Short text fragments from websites
● ● ● ●

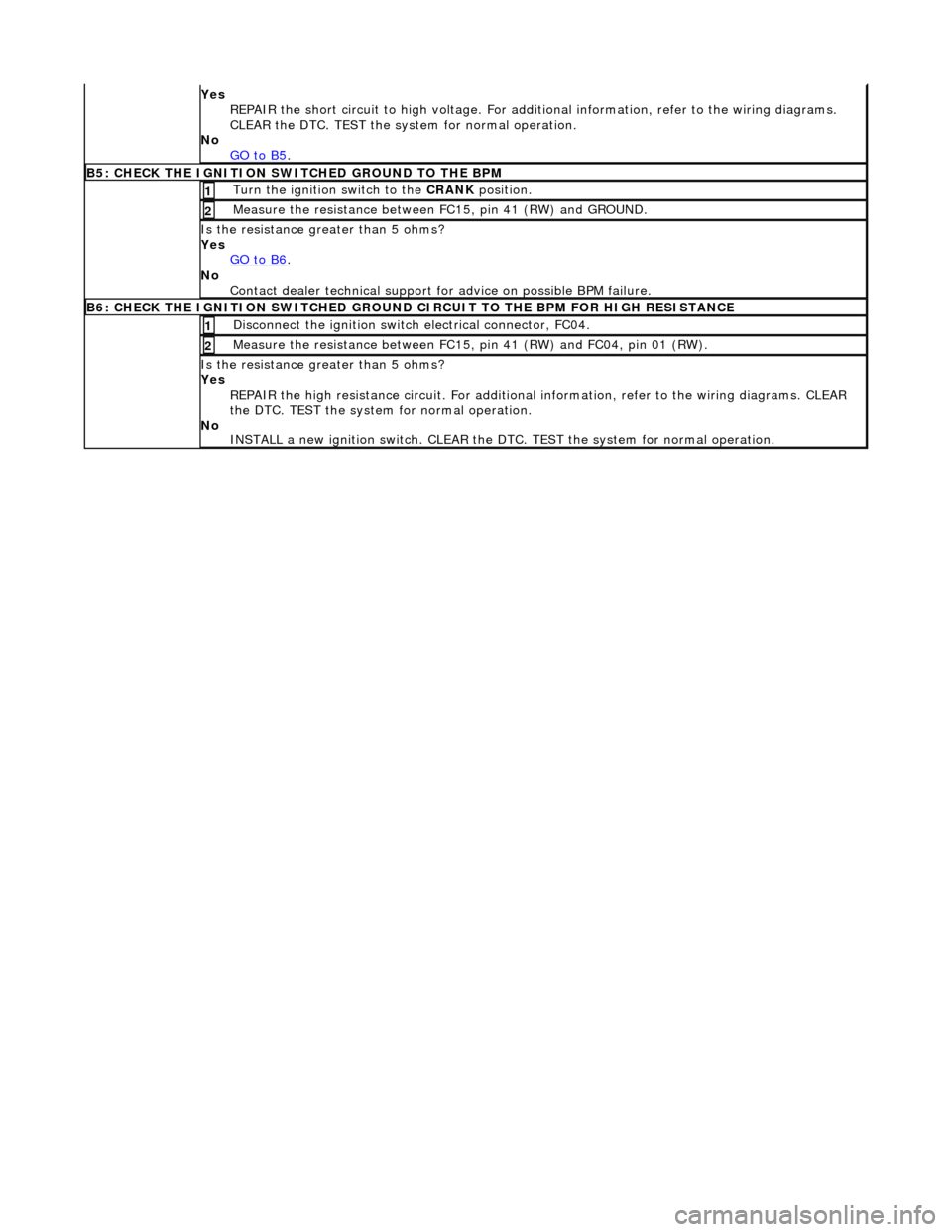 JAGUAR X308 1998 2.G Workshop Manual  
 
Yes
 
REPAIR the short circuit to high voltage. For addi tional information, refer to the wiring diagrams. 
CLEAR the DTC. TEST the syst em for normal operation.  
No  GO to B5
.  
B5: CHECK
  THE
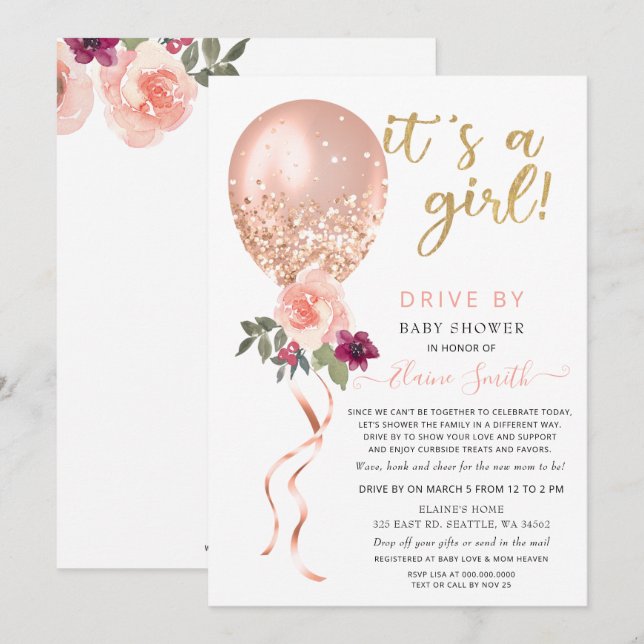 Drive by Floral Balloon Pink Glitter Baby Shower Invitation (Front/Back)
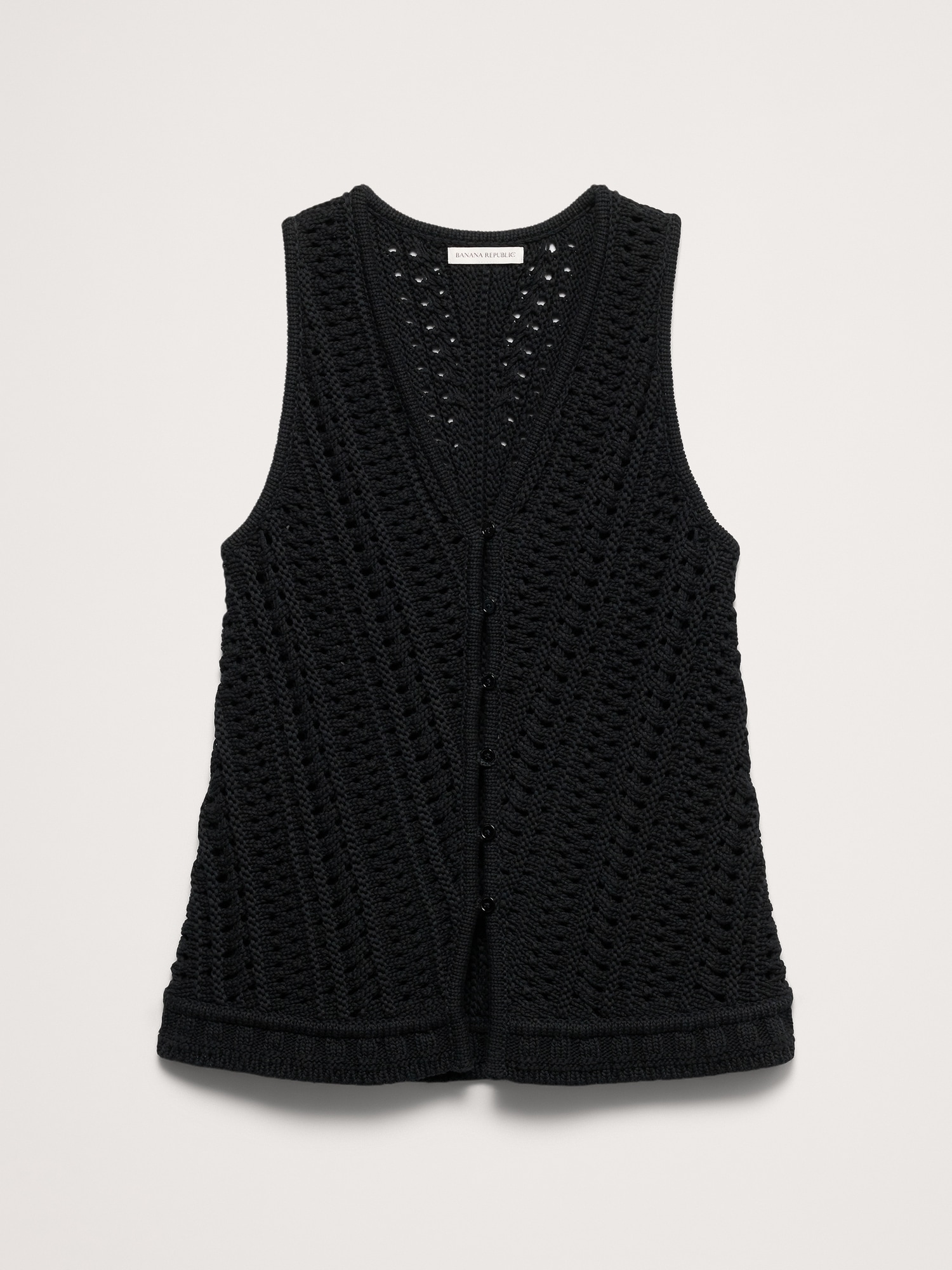 Image number 5 showing, Cotton Crochet Sweater Vest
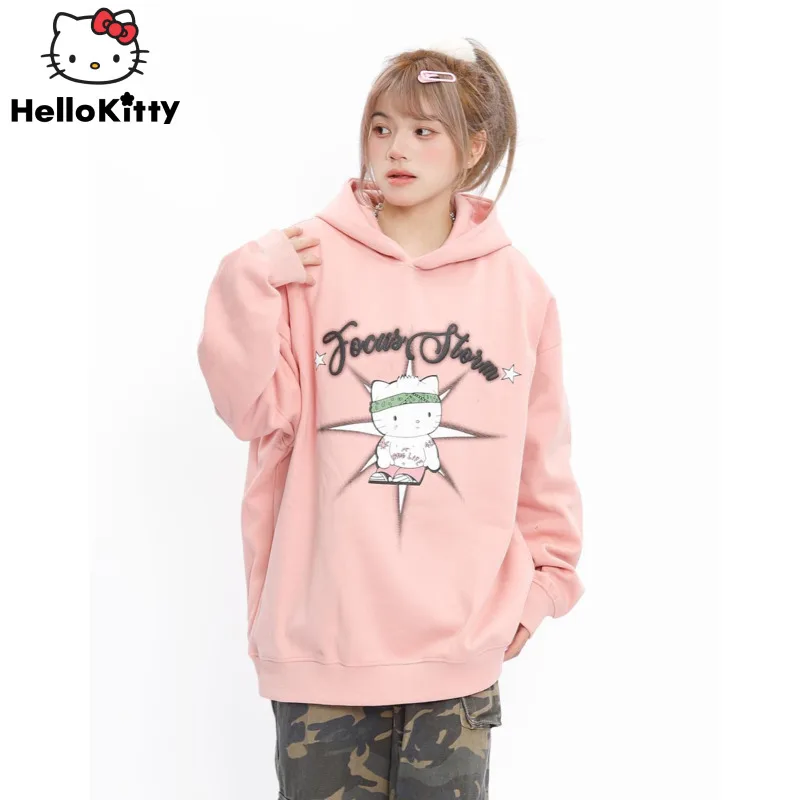 Sanrio Hello Kitty Yk2 Punk Graphic Hooded Streetwear Youngful Woman Clothes Goth Oversize Korean Stylish Harajuku 2000s Hoodie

● ● ● ●

## Work instructions
From the first line to the last, retype the entries above exactly, minus the pictures.

## The completed task
 JAGUAR X308 1998 2.G Workshop Manual  
 
Yes
 
REPAIR the short circuit to high voltage. For addi tional information, refer to the wiring diagrams. 
CLEAR the DTC. TEST the syst em for normal operation.  
No  GO to B5
.  
B5: CHECK
  THE
 Drive by Floral Balloon Pink Glitter Baby Shower Invitation (Front/Back)
 Image number 5 showing, Cotton Crochet Sweater Vest
 Sanrio Hello Kitty Yk2 Punk Graphic Hooded Streetwear Youngful Woman Clothes Goth Oversize Korean Stylish Harajuku 2000s Hoodie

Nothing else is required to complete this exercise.